Brazil has extended its import duty suspension on soy, corn, soybean meal and soybean oil, until the end of the year, as the country seeks to slow inflation driven by rising global commodities prices.
The Gro Brazil Food Price Index, whose real-time values will be made available to our customers in the coming weeks, is up 46% year-on-year.
In October 2020, Brazil announced that it would suspend the import tariffs on corn, soybeans, soy meal, and soy oil from countries outside the Mercosur trade bloc in an effort to help reduce food prices. In the first three months of 2021, Brazil imported 211,846 tonnes of soybeans, and 680,821 tonnes of corn, double the corresponding period last year.

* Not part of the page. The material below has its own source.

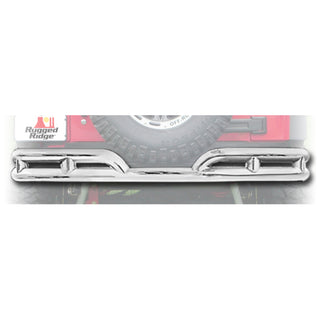 Rugged Ridge 3in Double Rear Tube Bumper (REAR): Jeep Wrangler 2007-2018 3.8L/3.6L V6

A suspension of tariffs until year-end implies that imports from outside the Mercosur region will be needed to fill the supply gap until the 2021 harvest, which could benefit US producers. Tight US supplies place great emphasis on the 2021 corn and soybean growing season in the US. Gro’s corn and soybean yield models for the US provide daily updates of yield estimates once the growing season begins.
Grain and oilseed prices in Brazil continue to rise due to strong export demand and the continued devaluation of the real against the US dollar. Additional upward pressure on corn prices are due to heightened domestic demand and concerns regarding the country’s safrinha crop (second corn planting). Follow Gro’s Brazil Corn Yield Forecast Model for daily updates of corn yield estimates at the district, province, and national levels.
Brazil’s actions are the latest effort by a national government to curb domestic food inflation. While other countries have tried to slow outflows of agricultural commodities to ease domestic price pressures, Brazil is attempting to encourage inflows.